PI Name: Konstantin Kornev, Peter Adler (Co-Principal Investigator), Richard Groff (Co-Principal Investigator), Alexey Vertegel (Co-Principal Investigator), and Kenneth Christensen (Co-Principal Investigator)Institution: Clemson University
Butterflies and moths, constituting the order Lepidoptera, have inspired decades of engineering research in aerodynamics, optics, and navigation. This project focuses on the lepidopteran proboscis, which is poorly explored from an engineering perspective. The goal is to develop fundamental principles of fiber-based microfluidics inspired by the lepidopteran fluidic system, and apply these principles to the design, fabrication, and manipulation of a new class of fiber-based devices capable of transporting and probing a previously impossible range of liquids. These principles will be validated using biological data from Lepidoptera. Through collaboration of engineers, chemists, and biologists, bioinspired proboscises will be fabricated by taking advantage of modern fiber technology, which offers fiber multifunctionality such as mechanical/electromagnetic memory, improved absorbency, and controlled wettability. A biomimetic approach will be developed for actuation, sensing, and control of the synthetic proboscis.

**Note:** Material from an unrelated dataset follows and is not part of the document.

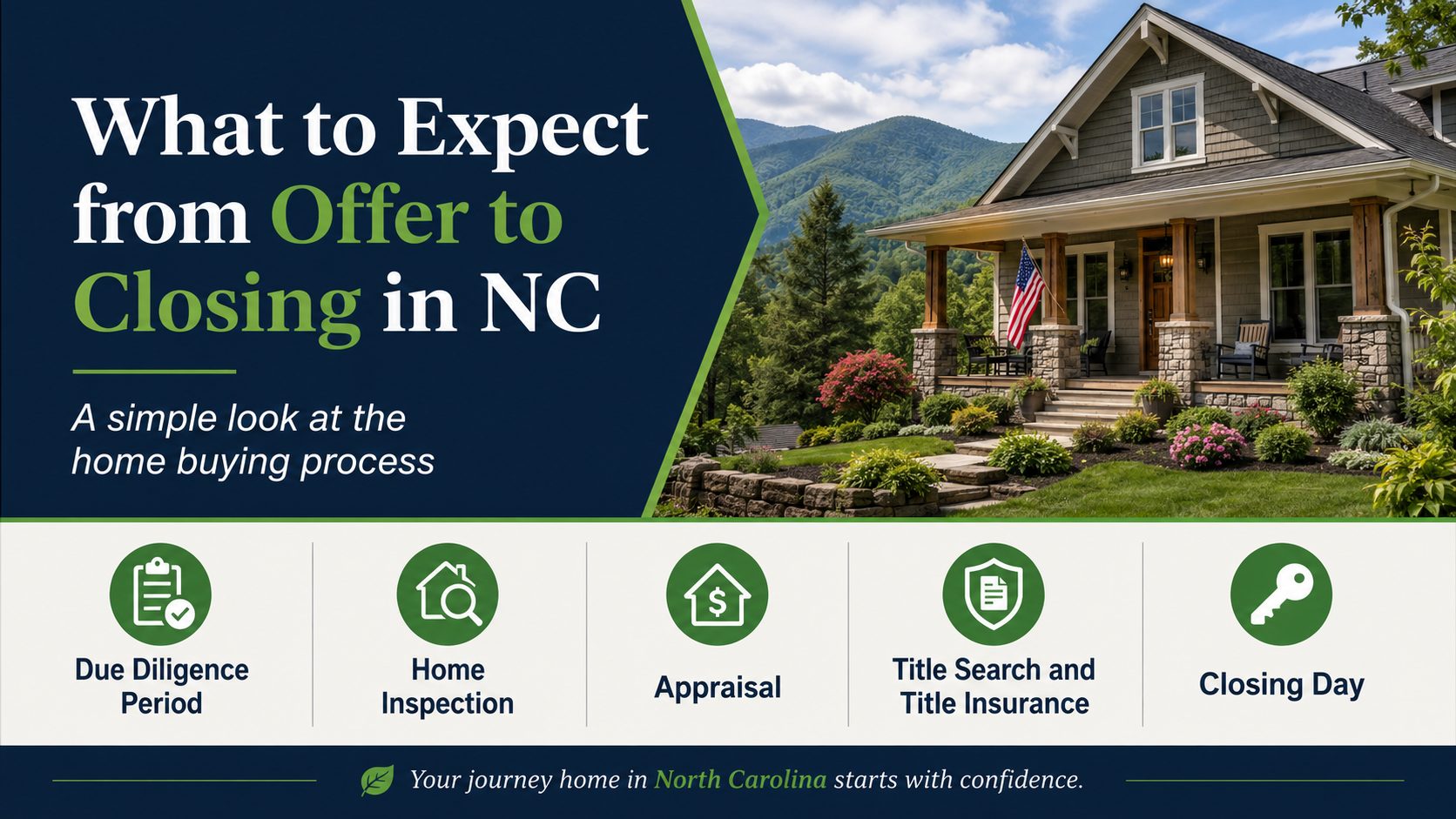 North Carolina home buying process graphic showing a mountain home and the main steps from offer to closing, including due diligence, home inspection, appraisal, title search, title insurance, and closing day.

The advantages will be illustrated for an artificial proboscis to probe fluids from individual vascular smooth muscle cells. The lepidopteran fluidic system is envisioned as shifting the current microfluidic paradigm from stationary channel-like structures to fiber-based microfluidic devices, providing distributed actuation, sensing, and manipulation with minute amounts of fluids. The project will serve as a catalyst for development of novel science, engineering, and technology at the interface of biology, chemistry, materials science, and mechanical, electrical, and bioengineering. The basic principles, identified by a multidisciplinary group, will impact multiple fields, including (i) integrative biology by providing insight into the physical function of the lepidopteran fluidic system, (ii) materials science by offering new knowledge on fluid-fiber interactions and relevant fiber design parameters, (iii) robotics and control by developing biomimetic methods for shape and fluid control, and (iv) bioengineering by developing proboscis-inspired tissue-fluid probes. The basic principles can be applied to the design of a wide range of future devices, as in applications requiring low-volume fluid retrieval and analysis coupled with controlled manipulation, such as environmental monitoring and biomedical and forensic probing.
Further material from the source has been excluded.